*EXERCISE OBJECTIVE*. Only the lines from the one containing "IDENTITI Men Slim" through the final line below belong in the output, copied exactly and without pictures.

Crawled caption data
=== Section Start ===
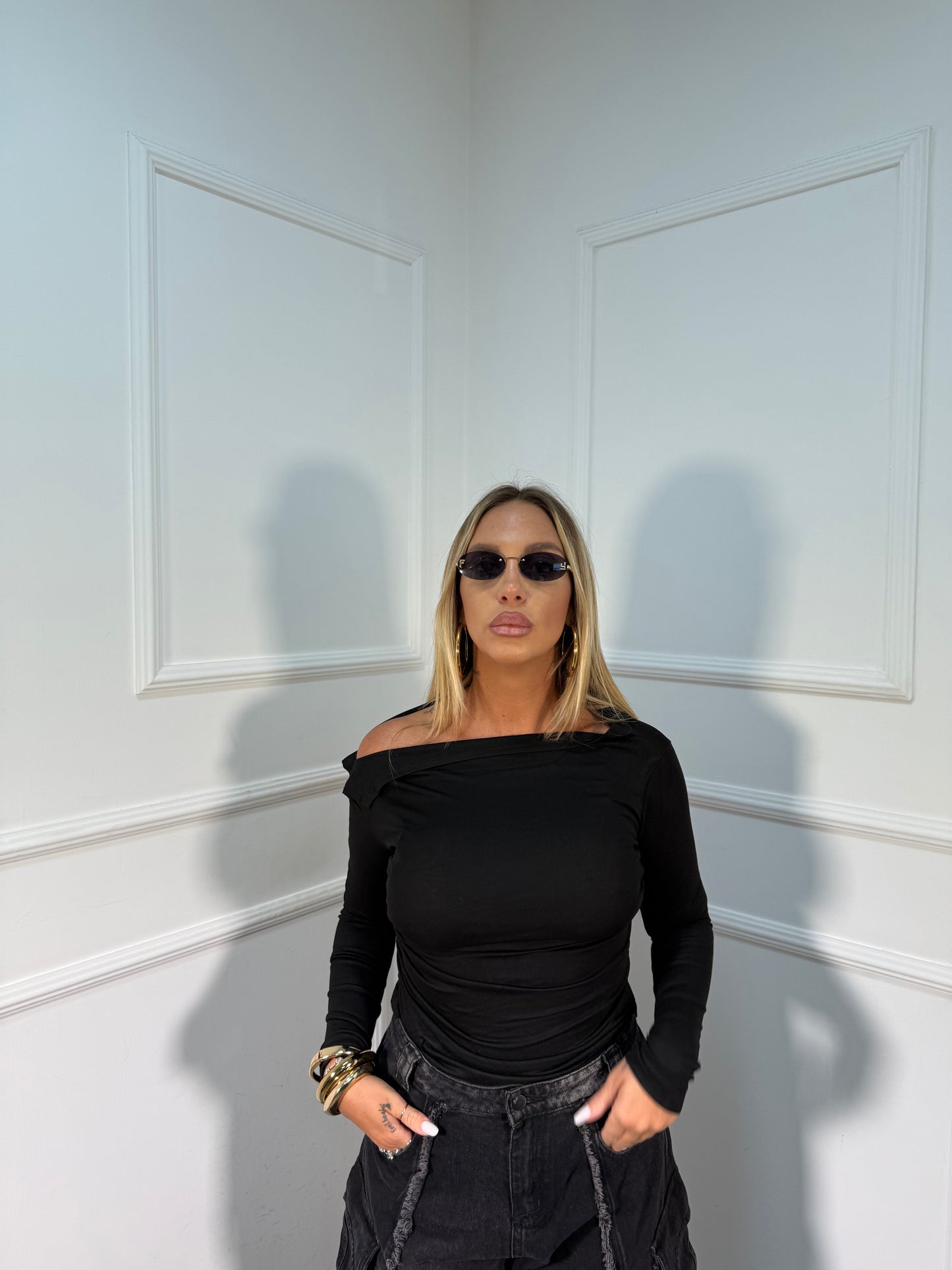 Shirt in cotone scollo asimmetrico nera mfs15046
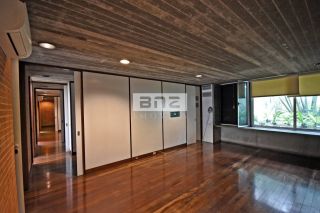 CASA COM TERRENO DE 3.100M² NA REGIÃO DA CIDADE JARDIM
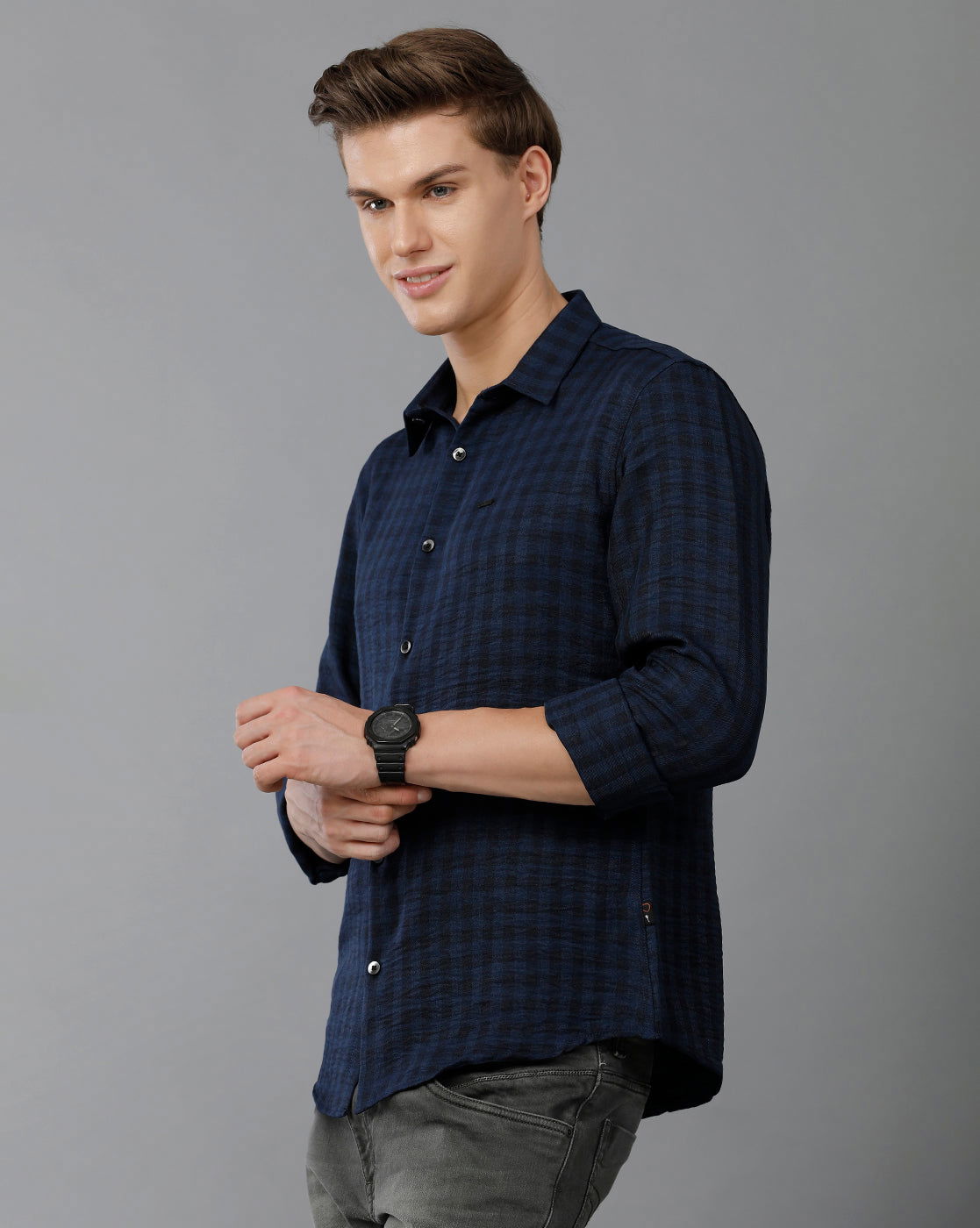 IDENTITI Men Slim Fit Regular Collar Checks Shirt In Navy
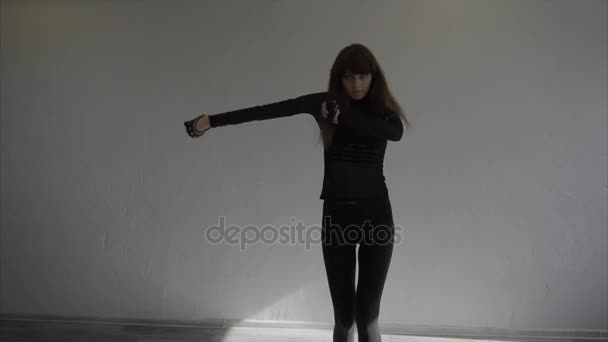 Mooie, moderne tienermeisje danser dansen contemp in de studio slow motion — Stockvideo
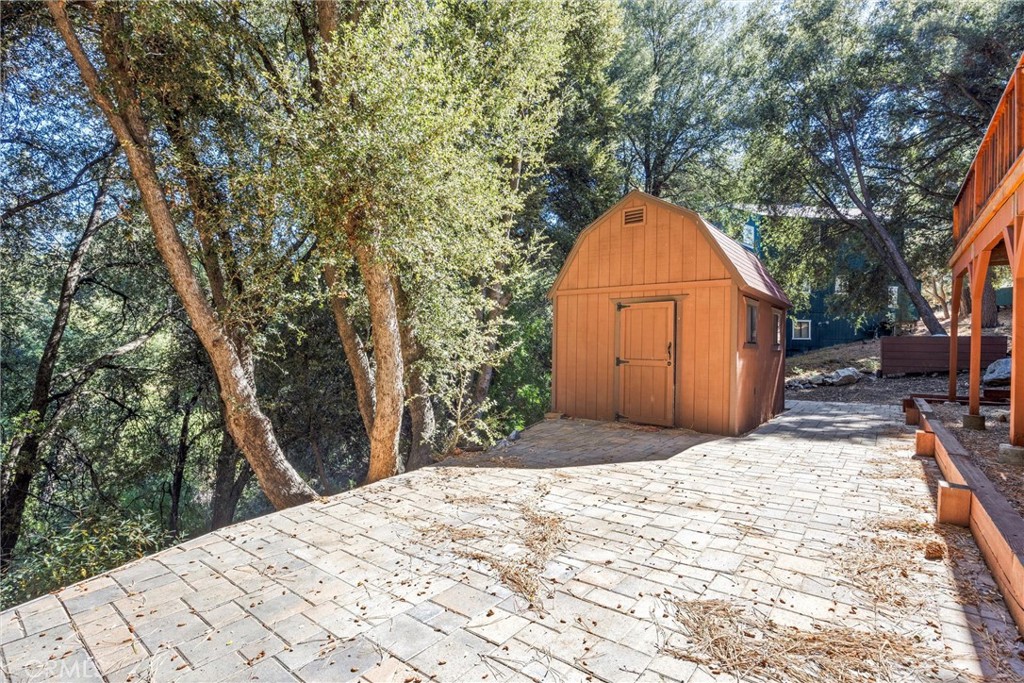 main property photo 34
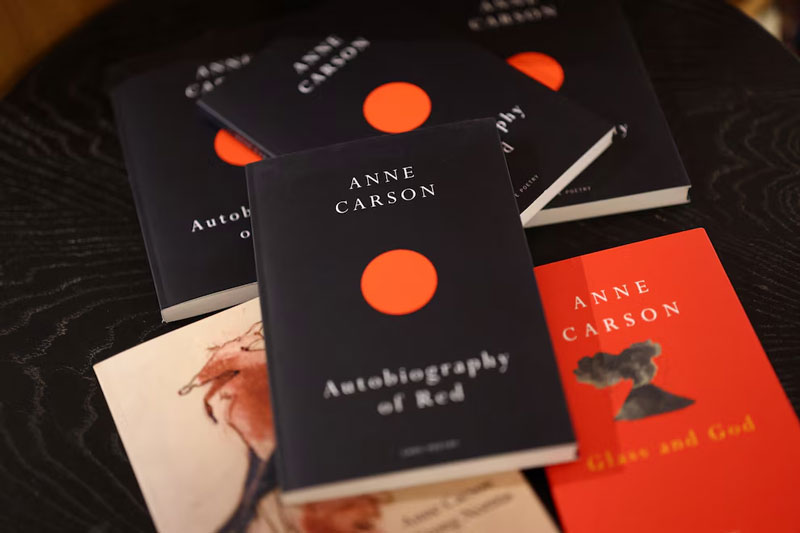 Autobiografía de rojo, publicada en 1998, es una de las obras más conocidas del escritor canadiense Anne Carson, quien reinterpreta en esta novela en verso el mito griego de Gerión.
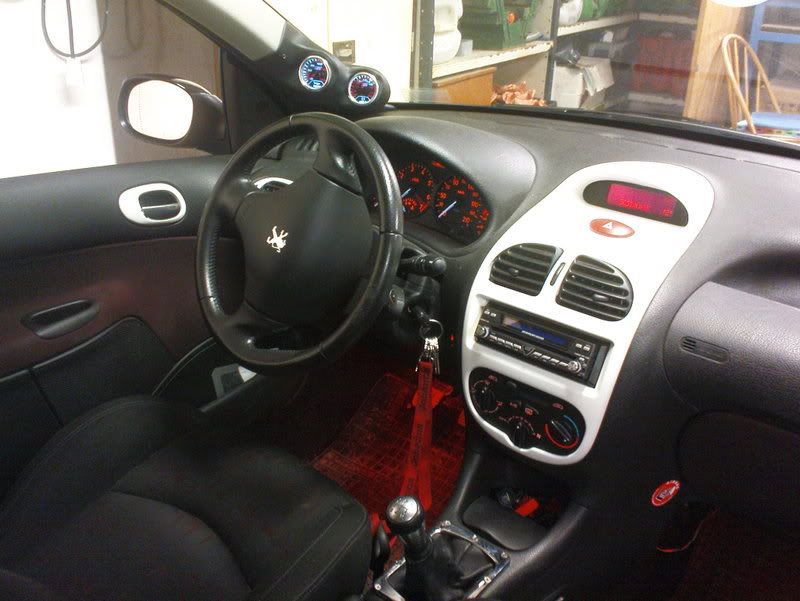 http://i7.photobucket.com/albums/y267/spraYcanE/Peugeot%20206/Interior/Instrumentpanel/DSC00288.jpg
=== Section End ===
*SOLUTION TO THIS TASK*.
 IDENTITI Men Slim Fit Regular Collar Checks Shirt In Navy
 Mooie, moderne tienermeisje danser dansen contemp in de studio slow motion — Stockvideo
 main property photo 34
 Autobiografía de rojo, publicada en 1998, es una de las obras más conocidas del escritor canadiense Anne Carson, quien reinterpreta en esta novela en verso el mito griego de Gerión.
 http://i7.photobucket.com/albums/y267/spraYcanE/Peugeot%20206/Interior/Instrumentpanel/DSC00288.jpg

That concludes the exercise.